Work task — Where the material below has a line containing "Tips for Growing Coneflowers in Containers", start repeating exactly, and keep going through the line containing "Green spiny cactus with branchesのイラスト素材", with no other lines.

Available records —
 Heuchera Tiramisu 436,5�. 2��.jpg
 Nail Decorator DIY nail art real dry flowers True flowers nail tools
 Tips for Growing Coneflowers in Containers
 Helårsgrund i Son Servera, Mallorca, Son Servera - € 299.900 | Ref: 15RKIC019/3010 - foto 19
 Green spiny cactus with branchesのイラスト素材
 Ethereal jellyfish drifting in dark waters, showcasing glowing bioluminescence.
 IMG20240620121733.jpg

...

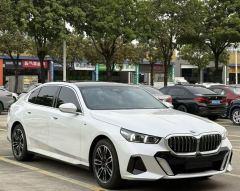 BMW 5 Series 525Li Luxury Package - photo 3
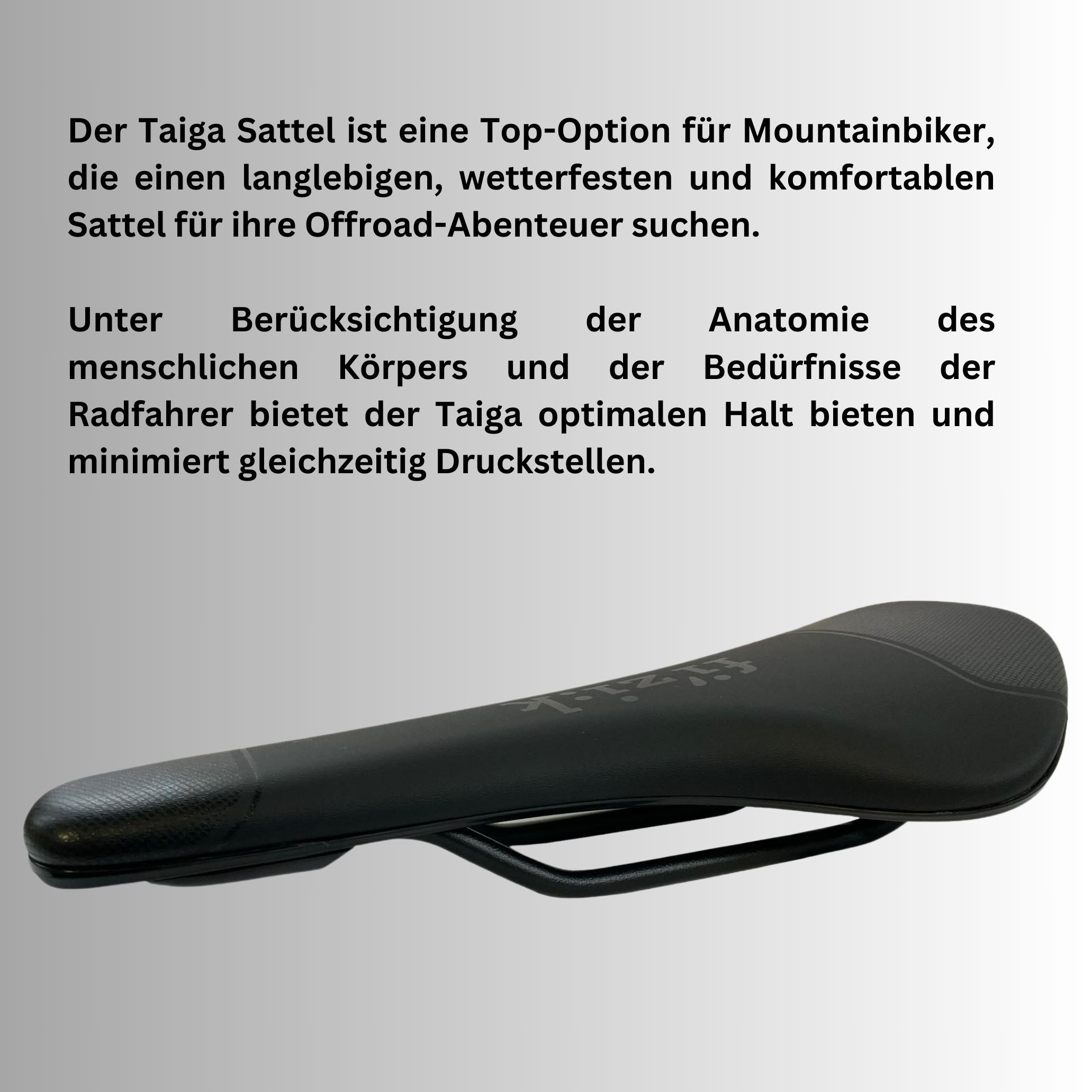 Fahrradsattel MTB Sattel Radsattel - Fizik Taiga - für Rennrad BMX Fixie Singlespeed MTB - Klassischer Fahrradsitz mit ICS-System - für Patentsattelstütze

...

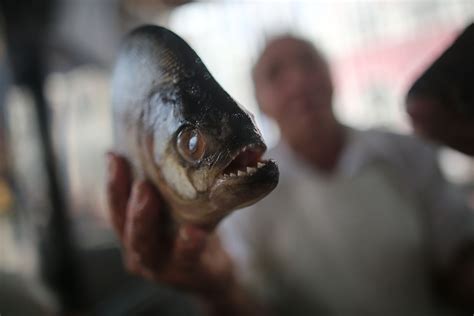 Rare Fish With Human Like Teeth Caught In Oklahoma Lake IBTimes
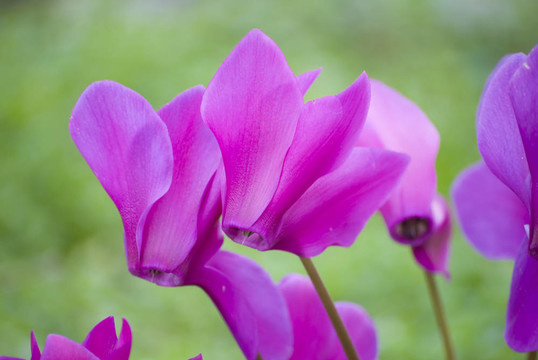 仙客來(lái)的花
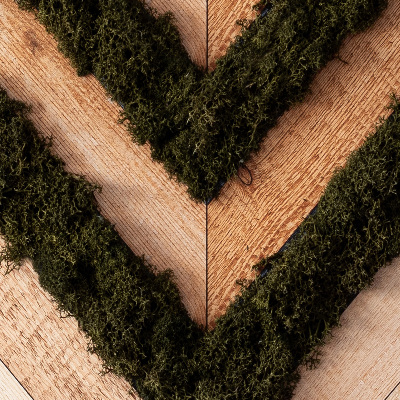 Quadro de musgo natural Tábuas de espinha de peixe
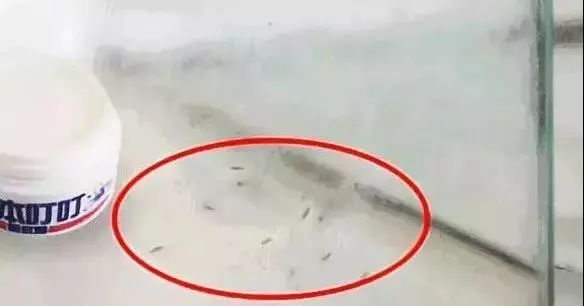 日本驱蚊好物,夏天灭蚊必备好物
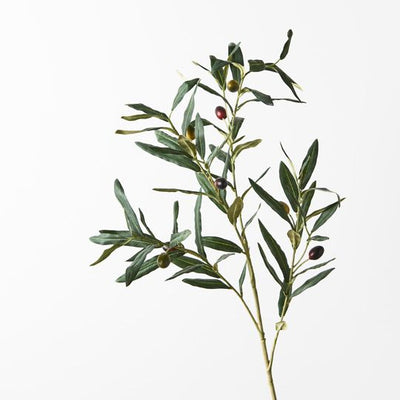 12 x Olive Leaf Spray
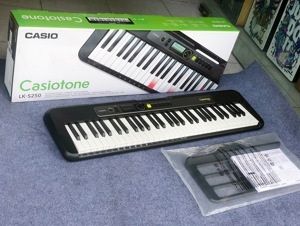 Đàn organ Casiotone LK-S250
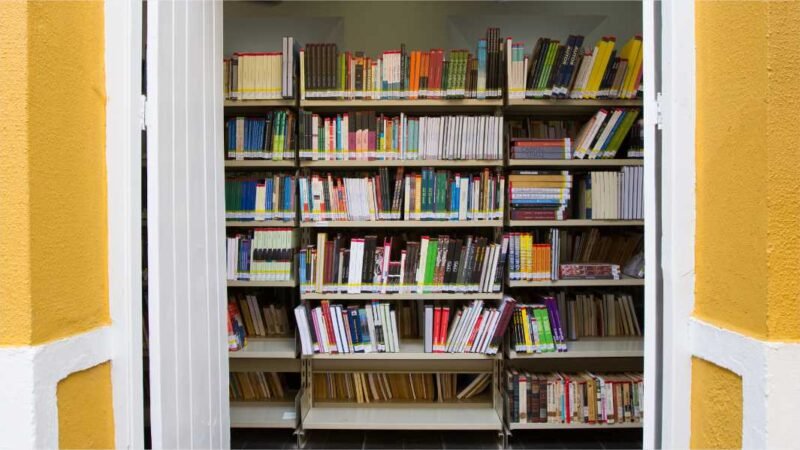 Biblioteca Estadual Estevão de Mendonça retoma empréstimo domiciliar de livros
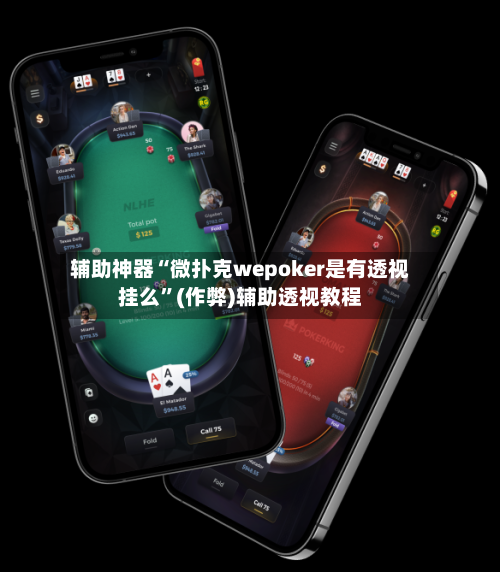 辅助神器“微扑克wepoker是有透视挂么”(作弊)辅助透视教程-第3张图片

Your solution —
 Tips for Growing Coneflowers in Containers
 Helårsgrund i Son Servera, Mallorca, Son Servera - € 299.900 | Ref: 15RKIC019/3010 - foto 19
 Green spiny cactus with branchesのイラスト素材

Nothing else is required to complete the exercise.